WHAT TO DO => Without any pictures, retype exactly the lines that begin at the one holding "900 Marie St, Mount" and end at the last line of the data below.

Content starts

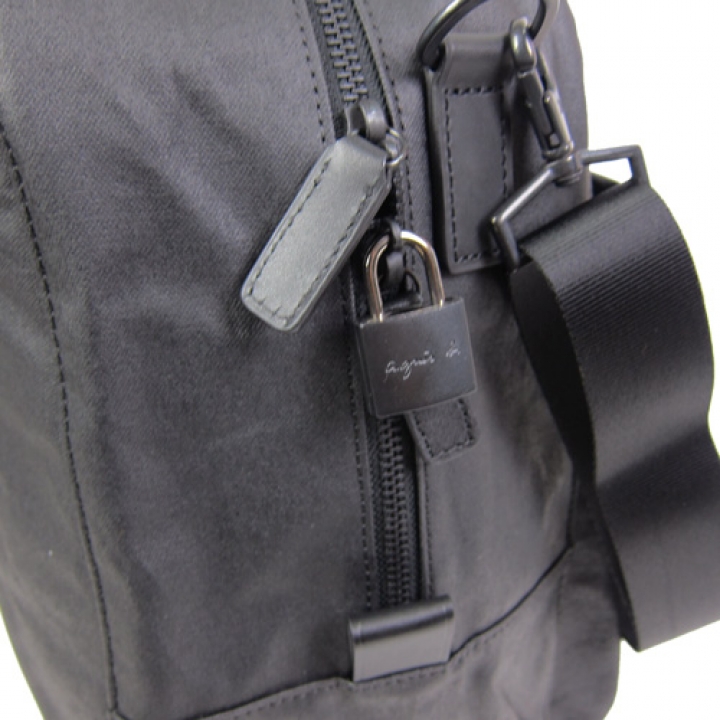 想請問有人知道這款agnes b. Voyage包日本真的有出過嗎?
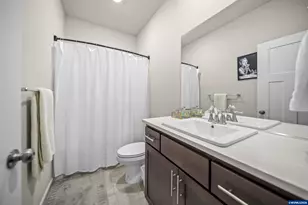 900 Marie St, Mount Angel, OR 97362 - Photo 15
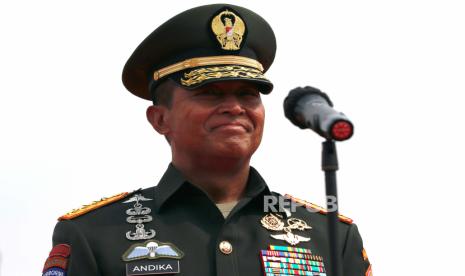  Panglima TNI Jenderal Andika Perkasa yang baru diangkat tersenyum saat upacara serah terima di Markas Besar Militer Indonesia di Jakarta, Kamis (18/11).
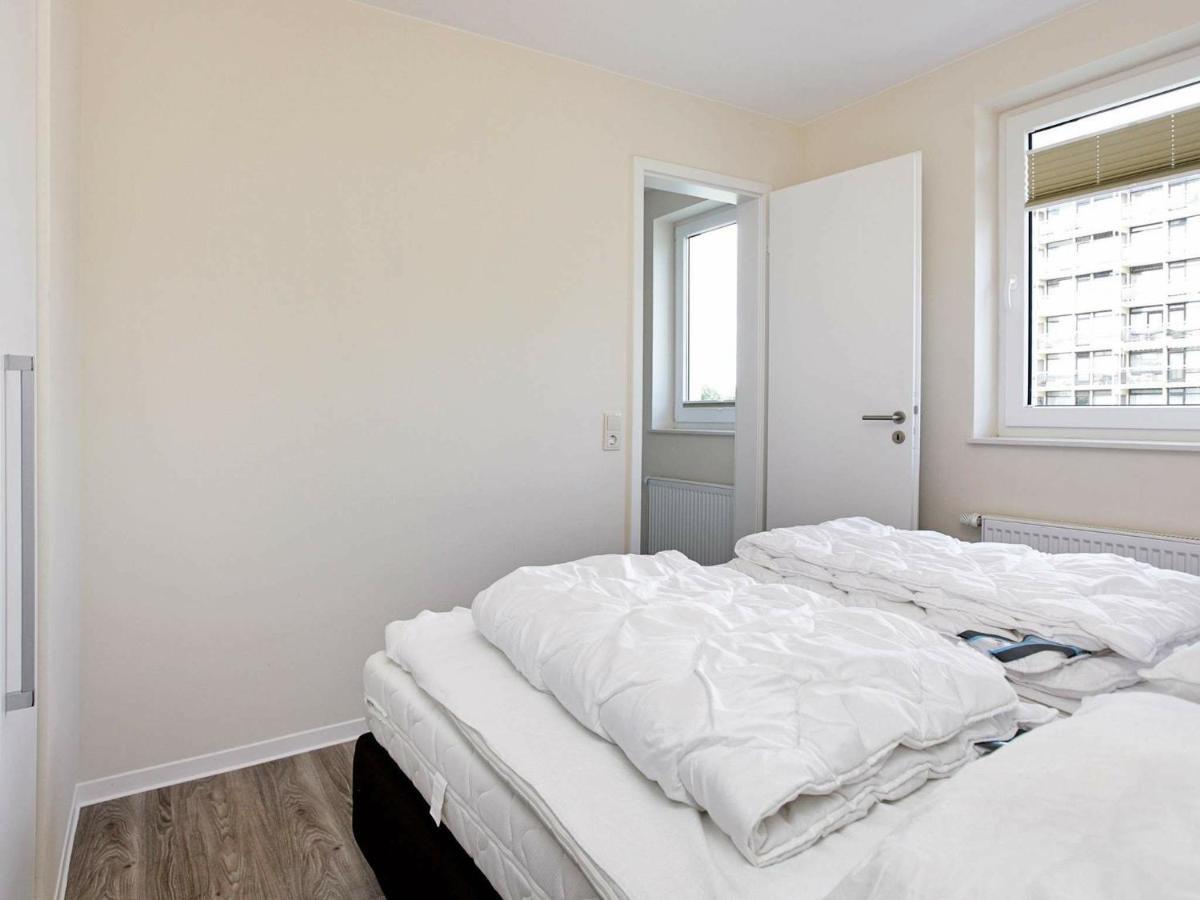 Two-bedroom In 7 Apartment *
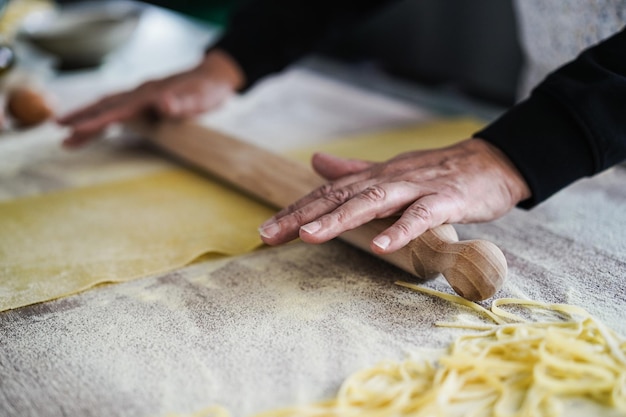 Femme préparant la pâte pour les raviolis à l'intérieur de l'usine de pâtes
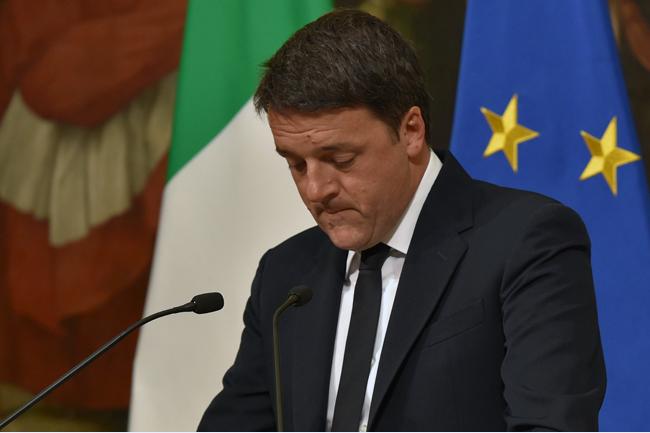 Italia agota su confianza en Matteo Renzi, se va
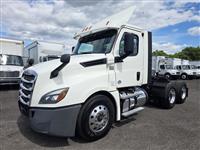 2018 Freightliner Cascadia 126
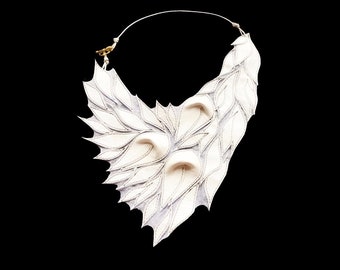 Weißes Leder Bib Halskette, Hochzeit Halskette, Romantische Blumen Halskette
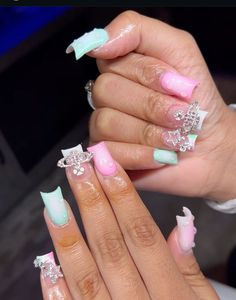 𝙄𝙣𝙨𝙩𝙖: 𝙨𝙚𝙩𝙨𝙗𝙮𝙨𝙩𝙪𝙣𝙣𝙖 Nails W Charms, Pink And Blue Nails, Charm Nails, Airbrush Nails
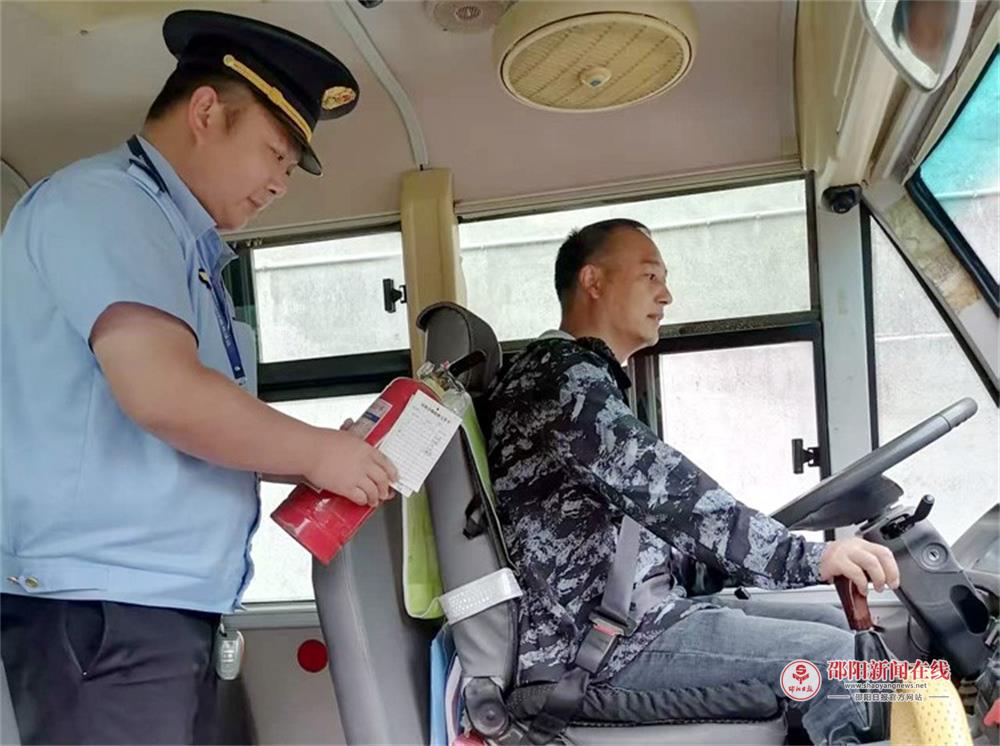 隆回县金石桥镇中心学校开展校车安全检查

Content ends

RESPONSE TO THE TASK =>
 900 Marie St, Mount Angel, OR 97362 - Photo 15
  Panglima TNI Jenderal Andika Perkasa yang baru diangkat tersenyum saat upacara serah terima di Markas Besar Militer Indonesia di Jakarta, Kamis (18/11).
 Two-bedroom In 7 Apartment *
 Femme préparant la pâte pour les raviolis à l'intérieur de l'usine de pâtes
 Italia agota su confianza en Matteo Renzi, se va
 2018 Freightliner Cascadia 126
 Weißes Leder Bib Halskette, Hochzeit Halskette, Romantische Blumen Halskette
 𝙄𝙣𝙨𝙩𝙖: 𝙨𝙚𝙩𝙨𝙗𝙮𝙨𝙩𝙪𝙣𝙣𝙖 Nails W Charms, Pink And Blue Nails, Charm Nails, Airbrush Nails
 隆回县金石桥镇中心学校开展校车安全检查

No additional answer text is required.